I asked a passel of farmers about barriers to including another crop — like, say, that newest superfood — into a standard corn/soy rotation (although wheat is the most commonly planted third crop in those rotations). The answers were all about markets. It was Patti Edwardson, an Iowa farmer, who first talked to me about the difficulty with oats. She’s trying different strategies to improve her farm’s soil, including shifting to an organic system and increasing crop diversity. “The real problem is the price anyone (whether she is a miller, processor or neighbor who has horses) pays for the grain,” she said in an email. If you can’t make money growing oats, you just can’t grow oats.

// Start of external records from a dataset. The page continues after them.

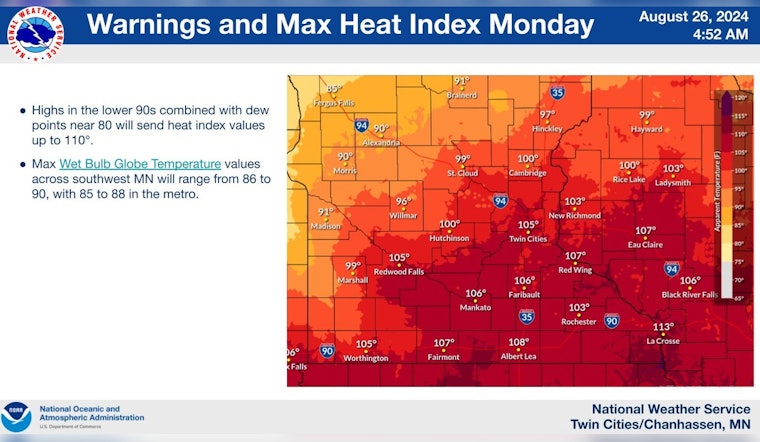Minneapolis Battling Severe Heat With Heat Index Up to 107, Storms with Flood Risk Imminent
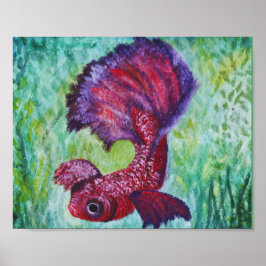 Waterverf van Betta-vis Poster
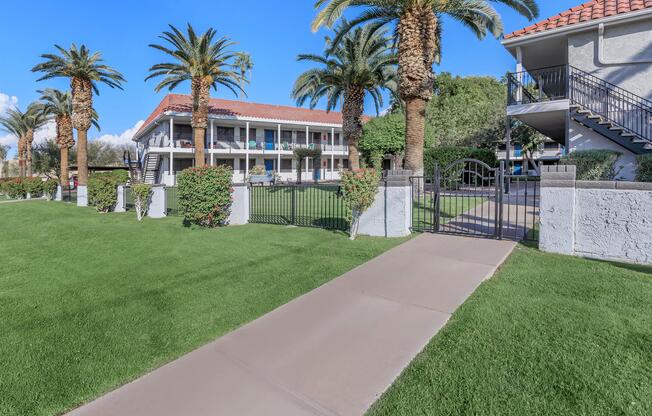 a large lawn in front of a building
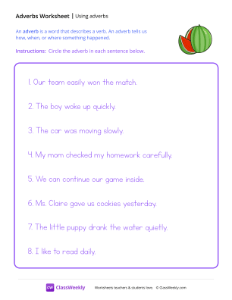 Using Adverbs - Watermelon | Grammar Worksheet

Even if you can make money, that money has to be competitive with what you can make planting corn or soy. At average Iowa yields and prices current, an acre of corn would gross $804 and an acre of soy, $587. Oats? $183. (Expenses aren’t the same, but they don’t come anywhere close to making up the difference.)
There are other economic barriers as well. The crop may require equipment you don’t have. The buyer may be too far away. You can’t make money unless you sell the grain (whether it’s oats or wheat) and the straw, but you want to leave the straw to break down on your land.
We can talk till the cows come home about why markets make it so hard for farmers to incorporate other crops (summary: it’s complicated), but how do we fix it? Certainly, there are policy options that can provide incentives for farmers to opt for the less profitable crop in order to get environmental benefits; I’m a big fan of finding ways to align subsidies with strategies to boost soil health, increase biodiversity and reduce pollution.
Okay, policy changes that boost environmental health look like a tough sell in this political environment. Still, says Suzy Friedman, senior director for agricultural sustainability at the Environmental Defense Fund, “We can’t just say to farmers, ‘Go figure it out.’ ” These are benefits that accrue to all of us, and costs need to be shared. She emphasizes supply chain changes, where food companies and agribusinesses coordinate on initiatives to create a market for crops grown according to a set of environmental standards.
But it’s tough for any initiative to create a market for crops that people (or cars, or pigs) don’t eat. And if we don’t change that, there’s a serious limit to the kinds of changes we’ll get on the ground. The biggest improvements will probably come from policies that tackle those cars and pigs, but, while we wait, consumers can make a small improvement every morning at breakfast. Right now, we grow a little less than 3 million acres of oats in the United States. (Canada, which we import from, grows another 3 million.) If we all decided to eat oatmeal every morning — a big increase from the approximately 6 percent of us who do now — we could triple the market for U.S. oats. That could raise the price, of course, but there’s some wiggle room when it costs just 10 cents a bowl. It’s that potential to help reshape the landscape that ices oats’ superfood status.
So much of the conversation about agriculture is what farmers ought to do, prescriptions that come easy to us armchair critics. But talk is cheap. Luckily, so is oatmeal.